The Post Game Show

Thursday, May 11, 2006

Judge Not, Lest Ye Be Judged First...

Interesting week that was in the life of your favorite sports writer. The last paper dropped Monday evening, and yours truly wrote an editorial about the Duke Rape Case being about white privlege and what I called "the unapologetic devaluation of the black woman and her body" (yes, your boy is a wordsmith, a metaphorical gangster). Upon reading my diatribe against all things pro-white and anti-sista, DSU sports information director Dennis Jones made the understatement of the century; "Chris, they are gonna run you out of here." I laughed my head off because I could imagine the growing caucasian populus at Delaware State being offended and uncomfortable with my piece. Eh, they'll survive.

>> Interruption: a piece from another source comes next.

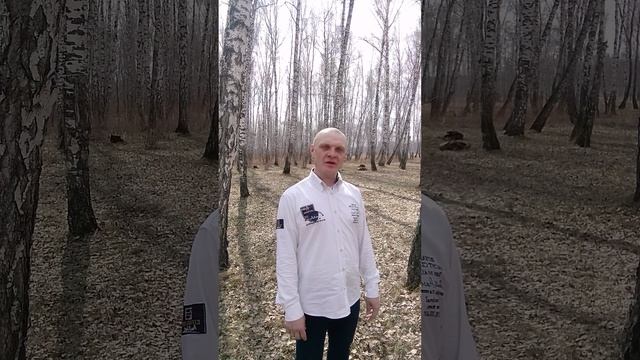 Всем Добрый Радужный Привет! С праздником Вас. Это Великий Праздник, но. Ну, Цена этой Победы. Велик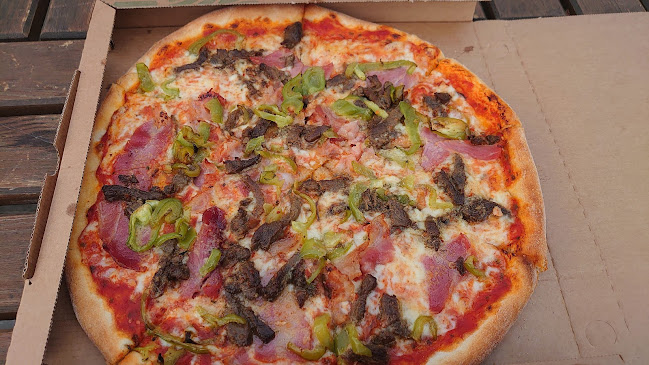 Mørkhøjvej 143, 2860 Søborg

Then Dennis brought up a valid point. Point being that brothers haven't exactly treated Black women like queens of the Earth either. And I got to thinking about my own transgressions, and it was one of those "damn, I've been had" moments. I instantly thought back to my evil ways which I'm still guilty of projecting onto black women. My angry cries of "y'all ain't s**t" and my assumption that "all females want this, that, and the third in a guy" all went against the stuff I wrote. Damn, I feel like a big ol' hypocrite.

I do believe that I have to stand up for myself as to not be taken advantage of by random females, but sometimes I go overboard and project my bitterness, insecurities, assumptions and general hatred onto other women, 85 percent of which don't deserve it. I know I'm wrong, but it's like someone with an addiction, a vice, a thing if you will. It's hard to kick a habit that you know so well, and almost find comfort in. It's almost a perverse feeling, like I get off on telling women off. That's not good at all.

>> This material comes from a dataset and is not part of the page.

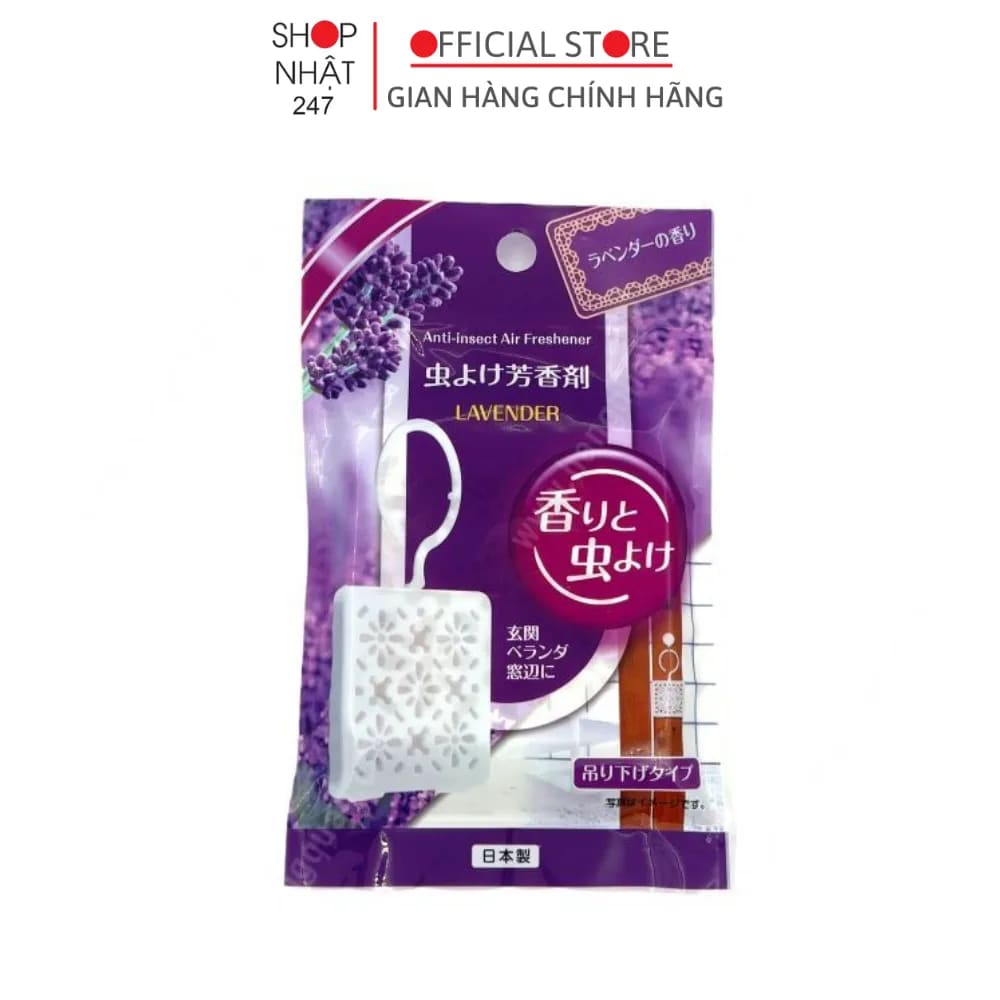vn-11134207-7qukw-lfjfoku4s4901f.png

And it's not like I don't love black women, I mean my mother is one of the greatest I know for crying out loud. Yet, now that I've realized that not every woman is going to care about me the way she does, it's almost like "to hell with all y'all." I do love sistas who are real, independent, successful, sweet, kind, caring, intelligent, funny, good looking, average looking, all of the above. But the few bad apples I seem to consistently run into spoil the bunch.

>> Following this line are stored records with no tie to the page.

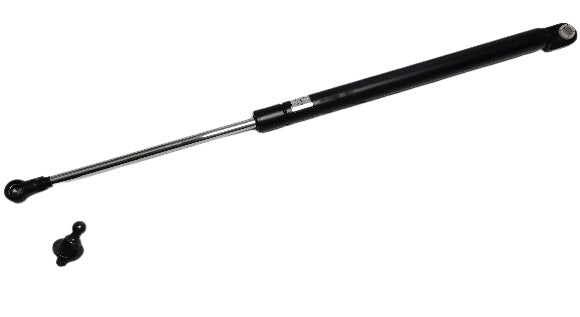 Unit Back Door Balancer 81800-81813 for Suzuki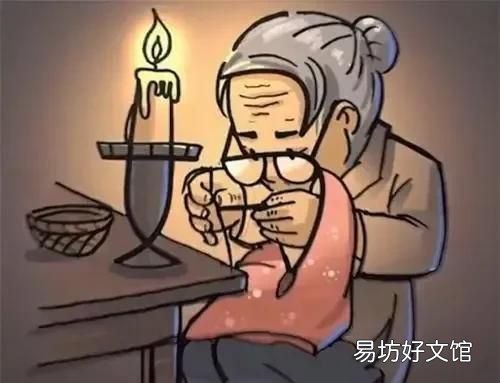 送给母亲的话，写给母亲的话，写给母亲的话简短暖心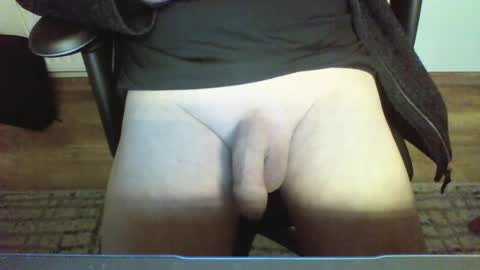 mik online show from January 16, 1:04 pm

It's a tough situation that I hope I can break out of in the near future. Then maybe I won't be such a hypocrite.

6 Comments:

  • At 9:39 PM, Blogger Jameil said…

    you have got to break free of the bitterness lest you find yourself alone. bitterness is attractive to no one. i've put one of my crew on silent lunch (well i'm not talking to her this wk) b/c she is too bitter. i don't need her negativity infiltrating my world. really, not ever. but i don't think there's a way to make a clean break.

    we all get hurt, but its how you handle it that will determine your success. "the one" will get away if you hold on to "the few bad apples I seem to consistently run into spoil the bunch." you can absolutely do it. i have faith in you! go forth and conquer!

     
  • At 4:43 AM, Blogger Darren Sands said…

    Leave it to Chris to find that 15 percent..LOL

     
  • At 8:36 PM, Anonymous Anonymous said…

    Right. And the reality is that ... and this is hard to swallow, even for me ... all it takes is one. It's not supposed to be roses and cartwheels for every person that you interact with.
    It's only supposed to work out with one. The one (ok, or two or three) who you marry.
    She's out there. Take hope.

     
  • At 9:27 AM, Blogger Sherlon Christie said…

    start taking Darren's, Marcus' and my advice.

     
  • At 9:15 PM, Blogger Jameil said…

    any backlash?

     
  • At 4:46 PM, Blogger journiemajor said…

    I completely agree with Jameil. The whole dating scene is about finding out what you do and don't want. And after dealing with some bad apples, the next time you run into one, you should be able to recognize the flaws right off the bat and steer away from them.

    But it's been said time and time again. You can't let a few inconsiderate shallow people keep you from being the man you are and the man you are to become. When you become confident about yourself and where you're going, other people will take notice and will be attracted to you.